Like the famous Jazz club, the Los Angeles Clippers’ Staples Center doesn’t have a race per se, but the venue’s audience is mostly filled with well-heeled White folks who pay plenty of money to watch well-paid Black entertainers.

The Cotton Club’s class and racial barriers were protected by high ticket prices and Jim Crow laws, while Sterling, without the benefit of state and local statutes, can only rely on filling his moat with high ticket prices.


Still, neither the Cotton Club’s owners nor Sterling ever appeared to be down with the idea of seeing a diverse audience, and the latter’s recent babbles caught on tape underscore his long-standing hangups about race.

Sterling’s reactionary wet dreams are not esoterica; his fellow NBA owners, as well as the general public, have been fully aware of this behavior for years.

But Sterling’s latest butt-tearing episode may generate enough discomfort among his 29 homies where there could be a request for Sterling to hand-in his ownership card.

Why? If Sterling remains in the news cycle, there is an increased likelihood that someone will ask a dangerously intelligent question like, “what about the rest of ‘em?”

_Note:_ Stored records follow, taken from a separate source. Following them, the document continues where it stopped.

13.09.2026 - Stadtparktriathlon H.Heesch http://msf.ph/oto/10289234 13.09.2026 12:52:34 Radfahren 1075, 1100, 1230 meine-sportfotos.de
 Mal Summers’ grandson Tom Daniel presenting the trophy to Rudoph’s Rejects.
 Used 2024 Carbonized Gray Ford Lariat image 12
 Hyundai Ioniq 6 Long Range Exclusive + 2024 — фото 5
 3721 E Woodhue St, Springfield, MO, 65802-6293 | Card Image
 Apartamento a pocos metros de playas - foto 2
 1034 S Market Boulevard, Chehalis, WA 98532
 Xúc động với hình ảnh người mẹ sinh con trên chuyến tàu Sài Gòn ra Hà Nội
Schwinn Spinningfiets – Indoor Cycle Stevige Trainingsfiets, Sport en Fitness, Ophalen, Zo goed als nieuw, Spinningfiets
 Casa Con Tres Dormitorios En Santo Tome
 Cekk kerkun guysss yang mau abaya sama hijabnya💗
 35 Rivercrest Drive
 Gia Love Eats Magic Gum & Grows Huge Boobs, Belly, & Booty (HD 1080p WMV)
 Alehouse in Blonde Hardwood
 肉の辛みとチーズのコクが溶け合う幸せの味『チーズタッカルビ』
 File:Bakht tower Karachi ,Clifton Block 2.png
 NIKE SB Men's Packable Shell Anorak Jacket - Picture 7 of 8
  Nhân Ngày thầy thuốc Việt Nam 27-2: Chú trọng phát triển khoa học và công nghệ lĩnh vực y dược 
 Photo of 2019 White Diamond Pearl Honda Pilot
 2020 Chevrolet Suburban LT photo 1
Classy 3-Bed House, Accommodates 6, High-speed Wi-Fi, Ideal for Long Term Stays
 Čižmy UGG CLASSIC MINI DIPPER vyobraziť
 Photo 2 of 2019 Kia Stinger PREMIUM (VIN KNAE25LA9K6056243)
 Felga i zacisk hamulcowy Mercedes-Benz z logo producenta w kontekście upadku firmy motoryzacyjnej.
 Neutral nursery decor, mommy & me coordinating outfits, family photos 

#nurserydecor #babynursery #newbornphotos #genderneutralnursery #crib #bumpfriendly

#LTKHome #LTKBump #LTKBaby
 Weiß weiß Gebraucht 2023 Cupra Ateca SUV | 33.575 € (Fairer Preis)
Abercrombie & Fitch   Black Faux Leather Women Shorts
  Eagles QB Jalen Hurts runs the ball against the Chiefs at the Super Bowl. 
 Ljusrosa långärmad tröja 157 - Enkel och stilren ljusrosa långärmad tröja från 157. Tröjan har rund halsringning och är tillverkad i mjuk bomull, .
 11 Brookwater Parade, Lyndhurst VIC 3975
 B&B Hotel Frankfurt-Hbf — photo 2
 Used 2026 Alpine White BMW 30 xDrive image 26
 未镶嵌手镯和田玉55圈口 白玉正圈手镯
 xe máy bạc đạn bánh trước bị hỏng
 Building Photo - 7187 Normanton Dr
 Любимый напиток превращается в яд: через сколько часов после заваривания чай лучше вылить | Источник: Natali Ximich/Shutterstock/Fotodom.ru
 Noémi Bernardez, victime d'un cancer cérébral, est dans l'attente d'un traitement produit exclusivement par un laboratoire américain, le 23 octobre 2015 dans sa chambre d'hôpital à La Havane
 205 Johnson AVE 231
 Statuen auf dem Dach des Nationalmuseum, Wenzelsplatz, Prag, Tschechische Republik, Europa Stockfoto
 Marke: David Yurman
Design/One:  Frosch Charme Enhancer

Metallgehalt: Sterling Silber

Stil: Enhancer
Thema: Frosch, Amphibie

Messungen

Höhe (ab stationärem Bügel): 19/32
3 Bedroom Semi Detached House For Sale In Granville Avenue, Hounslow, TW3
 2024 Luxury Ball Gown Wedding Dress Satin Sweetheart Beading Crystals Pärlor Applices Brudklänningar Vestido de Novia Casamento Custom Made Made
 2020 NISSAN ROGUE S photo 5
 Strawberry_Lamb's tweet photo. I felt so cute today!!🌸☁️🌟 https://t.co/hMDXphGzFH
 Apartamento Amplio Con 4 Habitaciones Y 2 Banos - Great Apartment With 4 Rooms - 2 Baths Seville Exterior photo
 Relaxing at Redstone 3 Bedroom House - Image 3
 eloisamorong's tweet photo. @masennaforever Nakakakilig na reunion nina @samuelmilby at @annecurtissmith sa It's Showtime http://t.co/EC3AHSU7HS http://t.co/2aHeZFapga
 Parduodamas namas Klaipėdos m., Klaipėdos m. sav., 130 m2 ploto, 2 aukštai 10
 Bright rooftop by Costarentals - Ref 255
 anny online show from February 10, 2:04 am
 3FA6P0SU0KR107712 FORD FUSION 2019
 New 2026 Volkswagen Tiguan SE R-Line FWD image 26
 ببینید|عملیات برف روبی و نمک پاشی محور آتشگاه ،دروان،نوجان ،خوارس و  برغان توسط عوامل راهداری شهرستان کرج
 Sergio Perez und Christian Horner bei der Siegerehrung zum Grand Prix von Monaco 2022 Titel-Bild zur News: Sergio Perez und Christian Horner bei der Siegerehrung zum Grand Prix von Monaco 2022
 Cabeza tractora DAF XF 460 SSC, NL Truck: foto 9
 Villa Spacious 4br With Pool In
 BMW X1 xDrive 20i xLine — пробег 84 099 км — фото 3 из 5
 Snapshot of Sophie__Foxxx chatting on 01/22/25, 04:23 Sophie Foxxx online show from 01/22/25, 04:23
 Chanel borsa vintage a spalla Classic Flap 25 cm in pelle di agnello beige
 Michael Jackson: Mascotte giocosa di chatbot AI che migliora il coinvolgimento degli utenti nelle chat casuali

That’s where the discomfort kicks in.


I can’t say that all NBA team owners are evil, and I can’t brand all of them racists – especially since we’re talking about a different kind of racial problem when living in your mono-racial world all these years may have never caused you to wonder why all your friends look like you. But there are enough franchise owners who exhibit the kind of bad behavior that the League of Owners would rather not see revisited in the press.

For instance, in any other industry, the actions of Chicago Bulls owner Jerry Reinsdorf over the years would be considered anti-labor.

How about George Shinn and that crazy kidnapping-for-sex case that led to him being exonerated for the kidnapping charges, but “guilty” for the sex while the accuser’s husband suddenly kills himself?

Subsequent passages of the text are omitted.